= Beginning of Section =

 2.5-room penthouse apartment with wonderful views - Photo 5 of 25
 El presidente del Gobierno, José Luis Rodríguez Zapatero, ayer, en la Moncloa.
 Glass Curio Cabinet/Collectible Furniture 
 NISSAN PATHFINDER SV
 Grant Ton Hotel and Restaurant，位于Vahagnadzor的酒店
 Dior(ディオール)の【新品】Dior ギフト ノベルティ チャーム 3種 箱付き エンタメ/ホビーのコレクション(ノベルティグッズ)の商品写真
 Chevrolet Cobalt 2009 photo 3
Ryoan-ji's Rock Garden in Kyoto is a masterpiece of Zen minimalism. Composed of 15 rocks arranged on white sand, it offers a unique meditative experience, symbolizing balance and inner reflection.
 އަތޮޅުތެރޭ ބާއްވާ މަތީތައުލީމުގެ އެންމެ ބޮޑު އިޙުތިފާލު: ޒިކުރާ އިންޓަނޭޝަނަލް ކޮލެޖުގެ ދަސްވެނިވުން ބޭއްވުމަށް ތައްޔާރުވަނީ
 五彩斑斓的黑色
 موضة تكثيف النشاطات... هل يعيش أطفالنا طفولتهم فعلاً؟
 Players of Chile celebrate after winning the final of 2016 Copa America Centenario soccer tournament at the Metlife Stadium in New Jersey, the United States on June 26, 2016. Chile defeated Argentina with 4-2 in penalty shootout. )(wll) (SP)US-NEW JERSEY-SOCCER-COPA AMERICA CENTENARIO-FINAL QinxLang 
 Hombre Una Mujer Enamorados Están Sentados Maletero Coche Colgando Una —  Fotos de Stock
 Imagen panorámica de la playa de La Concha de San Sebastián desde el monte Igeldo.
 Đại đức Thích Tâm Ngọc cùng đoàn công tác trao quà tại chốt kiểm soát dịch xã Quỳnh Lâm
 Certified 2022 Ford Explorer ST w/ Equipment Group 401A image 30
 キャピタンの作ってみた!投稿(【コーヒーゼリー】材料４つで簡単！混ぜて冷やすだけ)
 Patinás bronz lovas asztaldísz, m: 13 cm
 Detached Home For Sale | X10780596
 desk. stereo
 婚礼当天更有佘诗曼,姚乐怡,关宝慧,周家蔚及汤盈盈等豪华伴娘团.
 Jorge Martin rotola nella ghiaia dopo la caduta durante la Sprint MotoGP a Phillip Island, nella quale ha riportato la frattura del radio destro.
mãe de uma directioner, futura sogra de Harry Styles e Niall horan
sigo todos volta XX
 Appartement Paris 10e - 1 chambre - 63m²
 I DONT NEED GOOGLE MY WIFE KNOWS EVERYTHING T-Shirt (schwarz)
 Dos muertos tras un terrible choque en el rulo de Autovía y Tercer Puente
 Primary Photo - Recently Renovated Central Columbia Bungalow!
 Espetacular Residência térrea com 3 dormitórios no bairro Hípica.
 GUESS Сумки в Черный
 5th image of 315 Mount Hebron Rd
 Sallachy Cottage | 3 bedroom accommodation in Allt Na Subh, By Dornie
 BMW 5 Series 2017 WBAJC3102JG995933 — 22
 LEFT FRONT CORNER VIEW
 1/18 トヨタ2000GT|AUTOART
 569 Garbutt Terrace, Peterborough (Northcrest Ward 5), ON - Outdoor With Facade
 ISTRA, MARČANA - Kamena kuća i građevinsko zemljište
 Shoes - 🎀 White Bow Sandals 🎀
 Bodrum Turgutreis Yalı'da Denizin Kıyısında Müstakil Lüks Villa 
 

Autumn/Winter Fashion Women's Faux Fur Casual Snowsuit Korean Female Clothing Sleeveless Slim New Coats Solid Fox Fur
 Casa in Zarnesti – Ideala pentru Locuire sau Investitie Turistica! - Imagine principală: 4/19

= End of Section =

### [What the exercise asks]
Give back exactly the lines of the listing, starting with the first and ending with the one bearing "Grant Ton Hotel". Add no other lines.

### [Answer section]
 2.5-room penthouse apartment with wonderful views - Photo 5 of 25
 El presidente del Gobierno, José Luis Rodríguez Zapatero, ayer, en la Moncloa.
 Glass Curio Cabinet/Collectible Furniture 
 NISSAN PATHFINDER SV
 Grant Ton Hotel and Restaurant，位于Vahagnadzor的酒店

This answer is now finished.